While other methods of greeting are accounted for, this patent seems primarily interested in handshakes. For Scouts and Millennials, I suppose it might work, but most people are right handed, and most of them wear their Apple Watches on their left wrists. In the business world of old (and in most of the rest of the world besides), southpaw handshakes are a big no-no. In some cultures, it might cost you that good job or big promotion. In others, it might cost you a whole lot more. This mechanism could be useful for swapping business cards, but again, most cases would require a pretty distinct faux pas to get that done.
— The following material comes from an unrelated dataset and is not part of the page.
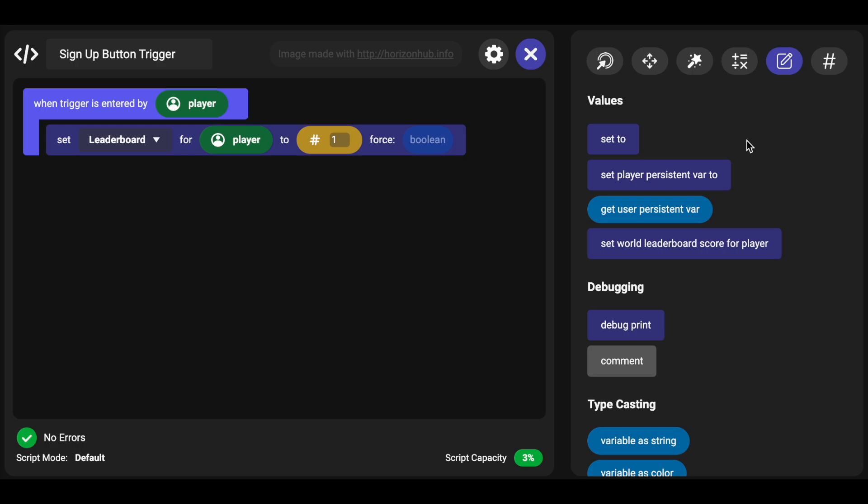And then you'll pull out the leaderboard gizmo and reference the leaderboard that you created. In this case it would be called leaderboard although I'd recommend a better name than that and like sign up and so on.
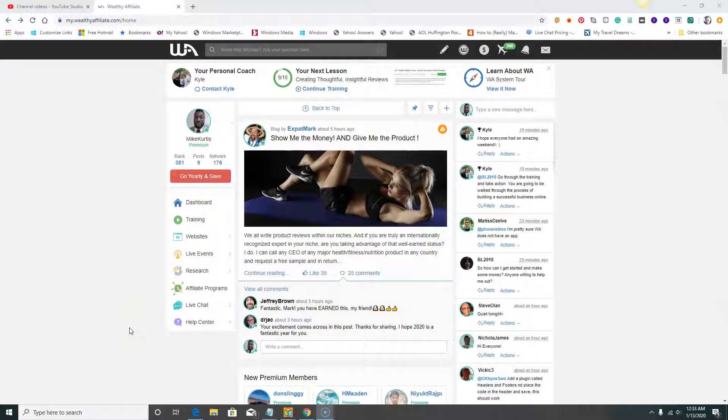Hello everybody and welcome to this short video. In this short video we're going to talk a little bit about Wealthy Affiliate, the best affiliate marketing training program in the industry right now. There is nobody like Wealthy Affiliate.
The Devil’s in the details.
Still, kudos to Apple for trying to make us lefties feel a little less left out.
Now, about the tech behind the filing itself: Proximity-based NFC and Bluetooth file-sharing is by no means a new concept. Smartphones have been doing this for years, and as an extension of AirDrop, this seems hardly worth patenting. Of course, everything’s worth patenting if you can actually get the patent, and Apple’s one of the biggest players at the USPTO.
As far as the convenience factor, however, I dont see this being a better solution than those already existing on handhelds. To share a file like this, you’ve first got to launch the requisite app, pick the file in question, and then set to bumping uglies.
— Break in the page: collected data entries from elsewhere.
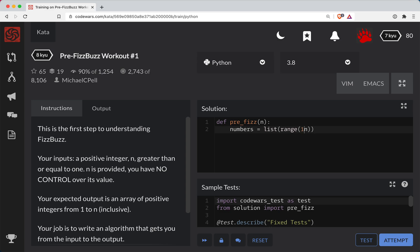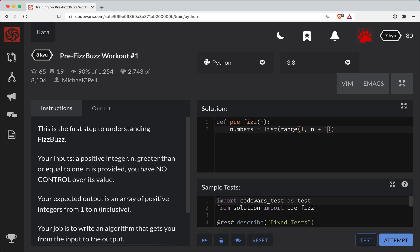So we want to start at one, so the range function is flexible, where you can have a starting number in there. So we're going to start at one, and we're going to go up to the number inclusive. Now in Python, this is exclusive, so it would do n minus one. So to account for it, we need to do n plus here.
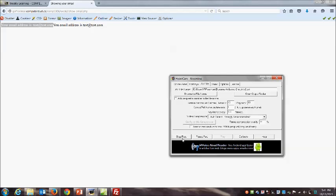I want to stress again how important case sensitivity is. Whatever you call your form control is how you must reference it on the next page. For demonstration — if I change the reference to a capital E in 'Email' on the processing page, while the form is still all lowercase, the email address shows as blank. PHP doesn't give an error, but it considers lowercase 'email' and uppercase 'Email' as different names. Always use lowercase consistently on both the form and the processing page.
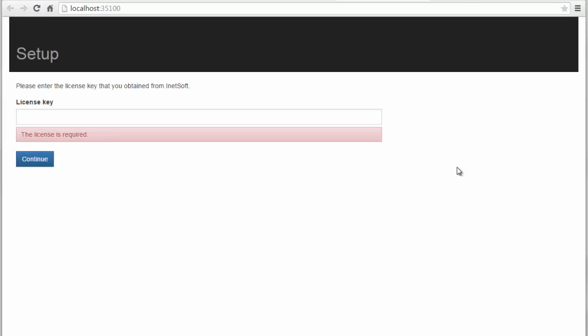The Start Page option opens the StyleScope Agile Edition portal in your browser and takes you to the initial setup screens. If you are prompted to enter a license key, please do so and then press Continue.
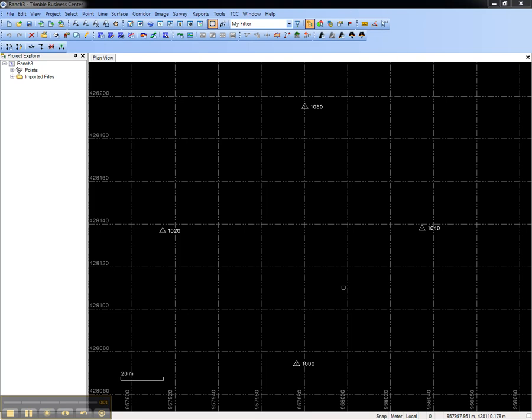This video shows how to create a Trimble Business Center project template. Project templates enable you to quickly create new Trimble Business Center projects that contain common data and settings.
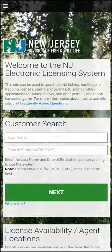Welcome to the New Jersey Division of Fish and Wildlife's updated license system. This tutorial will show hunters how to log in and report a harvest from a mobile phone or a tablet.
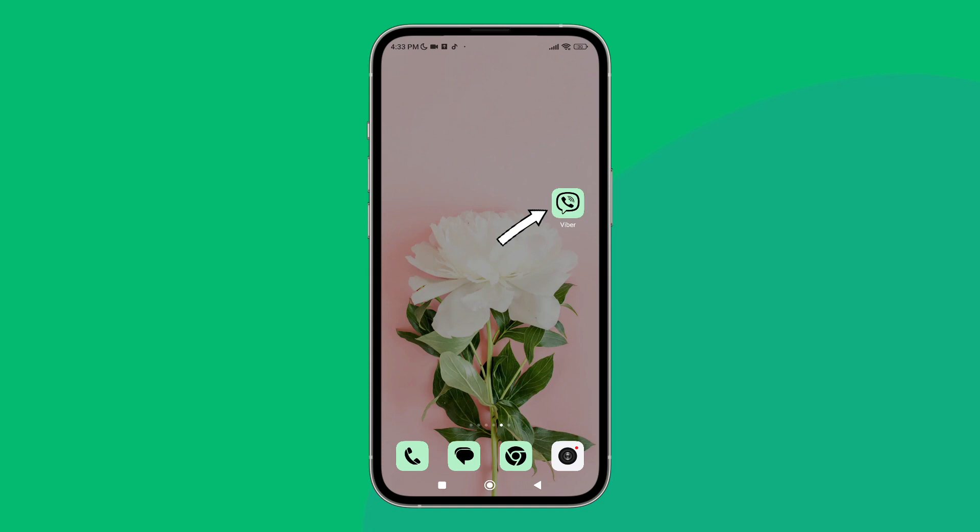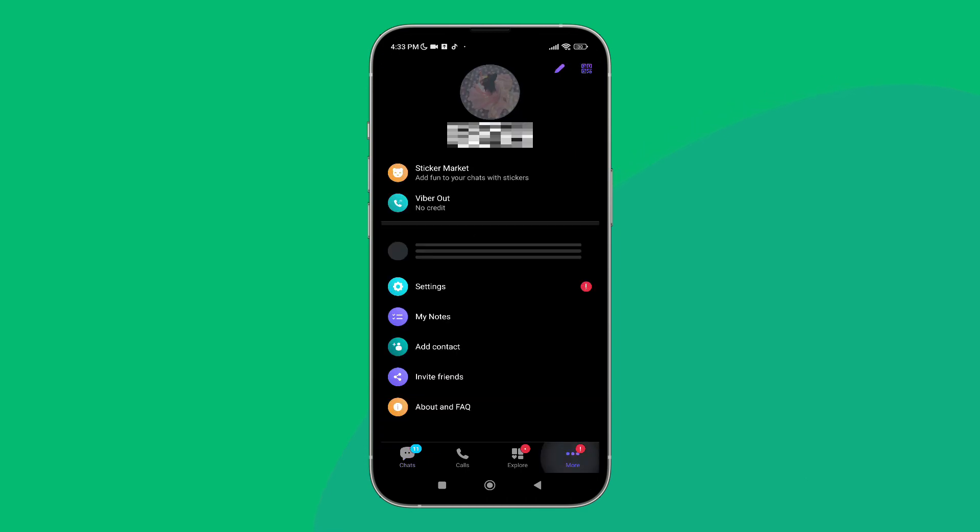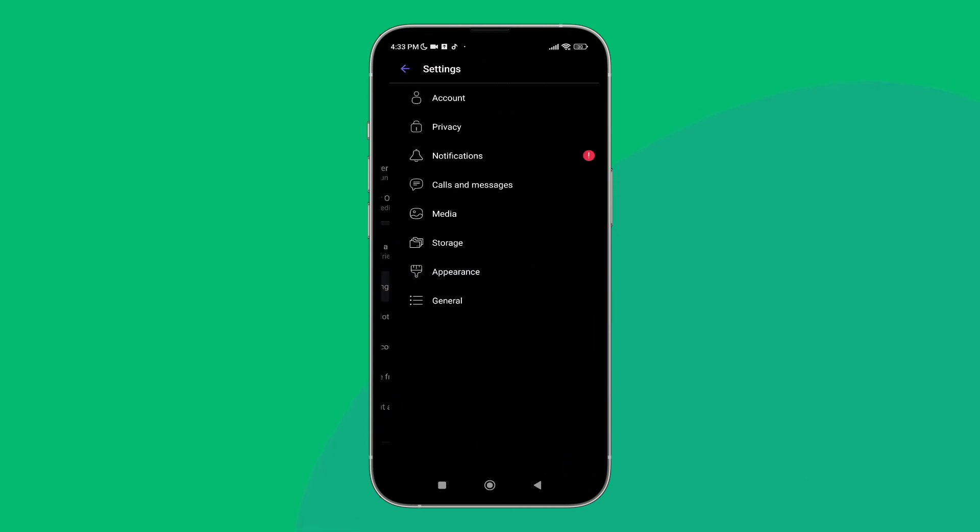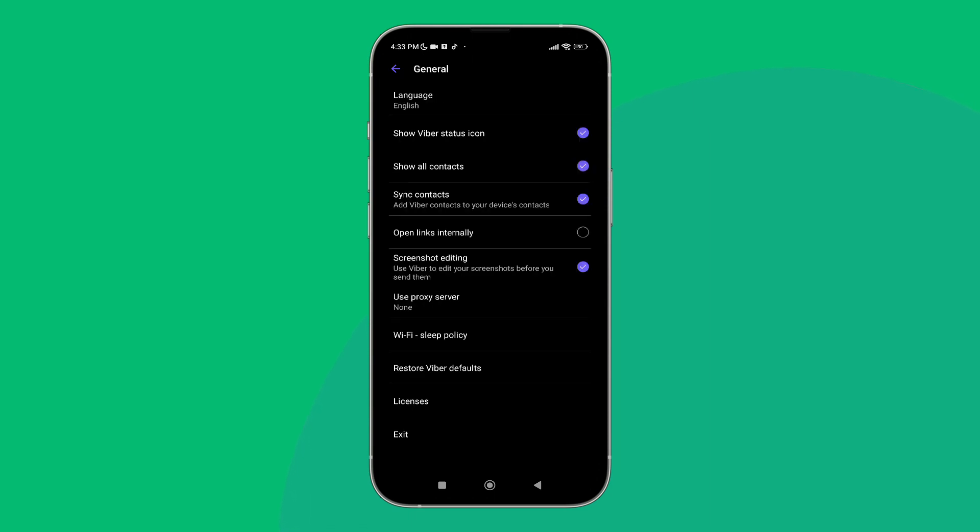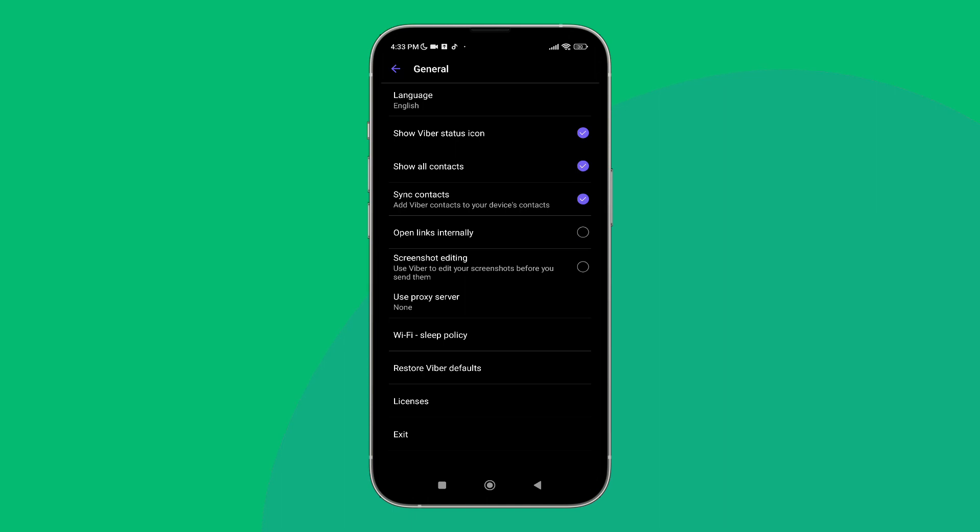Firstly, open Viber app on your device, then tap on the three dots icon. Next, tap on Settings. After that, tap on General. Next, you can see the option of screenshot editing. Turn it off by tapping on it. So this is how you can disable screenshot editing on Viber.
How on Earth Apple might make this procedure smarter (i.e. faster and more convenient) is anyone’s guess, but the context of person-to-person file-sharing is so subjective and dynamic — even between the same two people day after day after day — that any kind of pattern-based, automated system seems unlikely to yield much more than a headache for its users. That’s why it’s not done all that much already in the real world.
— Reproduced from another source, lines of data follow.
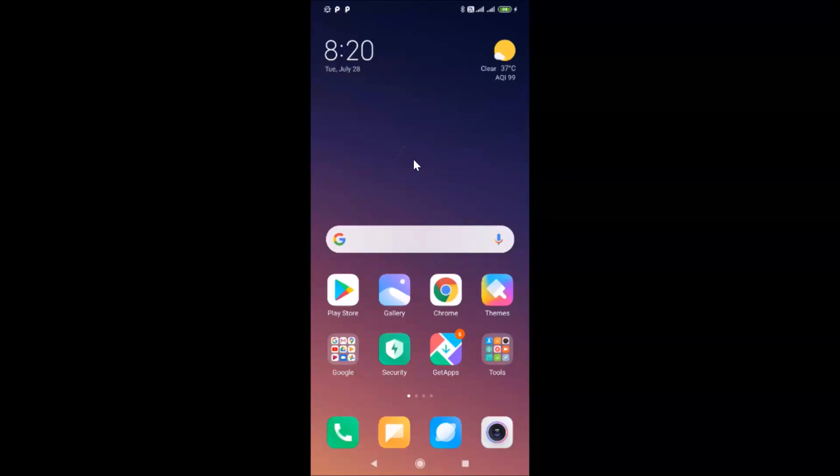Hi guys, in this tutorial I'm going to show you how to enable the accessibility menu in Redmi Note 7 Pro running MIUI version 11.0. This is my Redmi Note 7 Pro device with MIUI version 11.0 installed.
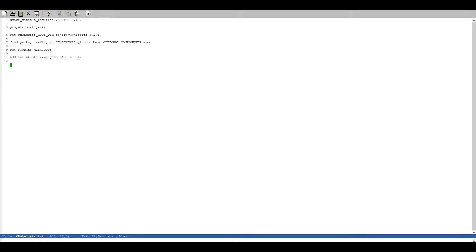That is we can check if WXWidgets was found.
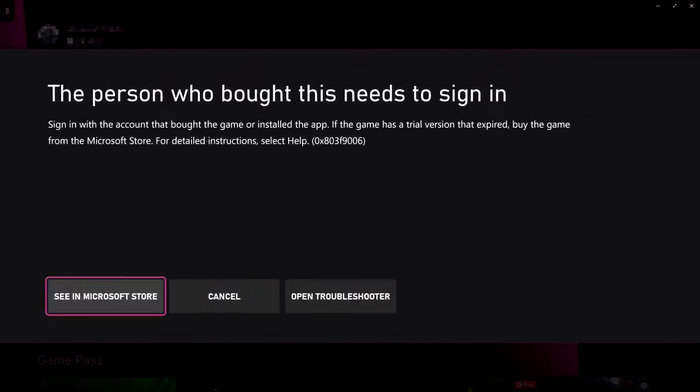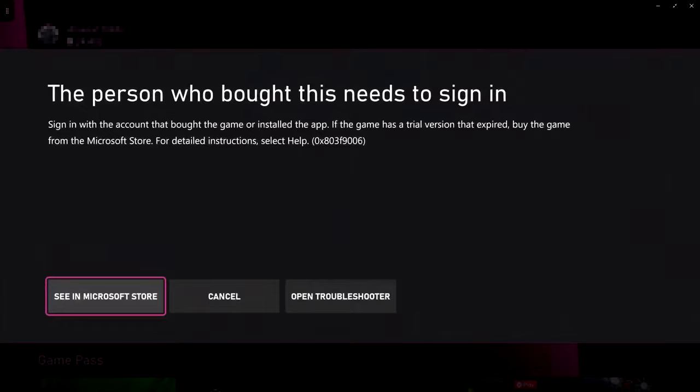So if you're trying to play a game on your Xbox and you're getting this error message, that's because the person that currently has the Xbox Ultimate Game Pass isn't signed into your Xbox. If it's a game that you're trying to play off the Xbox Game Pass or it's just the fact that the user that purchased the game isn't signed in.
A 3DS StreetPass-esque app where random passersby might send you Digital Touch messages could be amusing if sandboxed properly, but for actual file sharing — Heck, what files can you even store on Apple Watch worth sharing in the first place? And if all this is just another iPhone controller, there seems to be too much inherent setup to make the extra step worth anyone’s while. If you’re already assigning files, rules, and parameters on iPhone, just let your iPhone handle the whole shebang.
Parlor tricks and novelties aren’t going to sell Apple Watch.
Nobody cares about sending out their heartbeat.